How to achieve strong AI performance — diligence
At Ritchie Bros, a $ 4 B+ equipment auctioneer, we built an ML system “Algo” to automatically value assets from a few dollars to $ 100 K+ (think Zillow for excavators). Algo outperformed both human appraisers and the leading market valuation model, and, of course, we could revalue thousands of assets daily.
This system’s success took years. From modest beginnings, we improved by: 1) partnering with experts to identify valuation drivers, 2) continuously refining our models while tracking performance metrics, and 3) integrating it into the backend systems. The result? Double-digit accuracy gains quarterly, expanded asset coverage, and reduced latency.
Building performant AI systems requires this same disciplined approach. For Algo, we had an expanding auction dataset. For AI, evaluations are the flywheel that drives improvement.

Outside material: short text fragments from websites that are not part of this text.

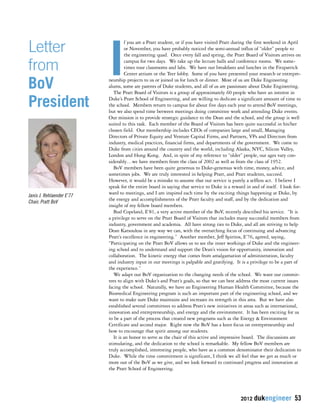 If you are a Pratt student, or if you have visited Pratt during the first weekend in April 
or November, you have probably noticed the semi-annual influx of “older” people to 
the engineering quad. Once every fall and spring, the Pratt Board of Visitors arrives on 
campus for two days. We take up the lecture halls and conference rooms. We some-times 
tour classrooms and labs. We have our breakfasts and lunches in the Fitzpatrick 
Center atrium or the Teer lobby. Some of you have presented your research or entrepre-neurship 
projects to us or joined us for lunch or dinner. Most of us are Duke Engineering 
alums, some are parents of Duke students, and all of us are passionate about Duke Engineering. 
The Pratt Board of Visitors is a group of approximately 60 people who have an interest in 
Duke’s Pratt School of Engineering, and are willing to dedicate a significant amount of time to 
the school. Members return to campus for about five days each year to attend BoV meetings, 
but we also spend time between meetings doing committee work and attending Duke events. 
Our mission is to provide strategic guidance to the Dean and the school, and the group is well 
suited to this task. Each member of the Board of Visitors has been quite successful in his/her 
chosen field. Our membership includes CEOs of companies large and small, Managing 
Directors of Private Equity and Venture Capital Firms, and Partners, VPs and Directors from 
industry, medical practices, financial firms, and departments of the government. We come to 
Duke from cities around the country and the world, including Alaska, NYC, Silicon Valley, 
London and Hong Kong. And, in spite of my reference to “older” people, our ages vary con-siderably… 
we have members from the class of 2002 as well as from the class of 1952. 
BoV members have been quite generous to Duke-generous with time, money, advice, and 
sometimes jobs. We are truly interested in helping Pratt, and Pratt students, succeed. 
However, it would be a mistake to assume that our service is purely a selfless act. I believe I 
speak for the entire board in saying that service to Duke is a reward in and of itself. I look for-ward 
to meetings, and I am inspired each time by the exciting things happening at Duke, by 
the energy and accomplishments of the Pratt faculty and staff, and by the dedication and 
insight of my fellow board members. 
Bud Copeland, E’81, a very active member of the BoV, recently described his service. “It is 
a privilege to serve on the Pratt Board of Visitors that includes many successful members from 
industry, government and academia. All have strong ties to Duke, and all are striving to help 
Dean Katsouleas in any way we can, with the overarching focus of continuing and advancing 
Pratt’s excellence in engineering.” Another member, Jeff Spiritos, E’76, agreed, saying, 
“Participating on the Pratt BoV allows us to see the inner workings of Duke and the engineer-ing 
school and to understand and support the Dean’s vision for opportunity, innovation and 
collaboration. The kinetic energy that comes from amalgamation of administration, faculty 
and industry input in our meetings is palpable and gratifying. It is a privilege to be a part of 
the experience.” 
We adapt our BoV organization to the changing needs of the school. We want our commit-tees 
to align with Duke’s and Pratt’s goals, so that we can best address the most current issues 
facing the school. Naturally, we have an Engineering Human Health Committee, because the 
Biomedical Engineering program is such an important part of the engineering school, and we 
want to make sure Duke maintains and increases its strength in this area. But we have also 
established several committees to address Pratt’s new initiatives in areas such as international, 
innovation and entrepreneurship, and energy and the environment. It has been exciting for us 
to be a part of the process that created new programs such as the Energy & Environment 
Certificate and second major. Right now the BoV has a keen focus on entrepreneurship and 
how to encourage that spirit among our students. 
It is an honor to serve as the chair of this active and impressive board. The discussions are 
stimulating, and the dedication to the school is remarkable. My fellow BoV members are 
truly accomplished, interesting people, who have as a common denominator their dedication to 
Duke. While the time commitment is significant, I think we all feel that we get as much or 
more out of the BoV as we give, and we look forward to continued progress and innovation at 
the Pratt School of Engineering. 
2012 dukengineer 53 
Letter 
from 
BoV 
President 
Janis J. Rehlaender E’77 
Chair, Pratt BoV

Some examples:
-
At Rechat, Hamel Husain and Emil Sedgh slashed LLM error rates from 40 %+ to under 5% in six months through rigorous evaluation, creating benchmarks for pre-production testing and data for model fine-tuning.
-
Jon Victor writes about similar success at ClassPass. The company’s AI customer support chatbots in January 2024 performed worse than humans, but now match human satisfaction scores while handling 50% of the volume. They monitor 10% of AI interactions to identify improvement opportunities.

GenAI impresses out of the box, but performance excellence comes from deliberate improvement. And often the key metric isn’t perfection but performance versus alternatives, typically human intervention.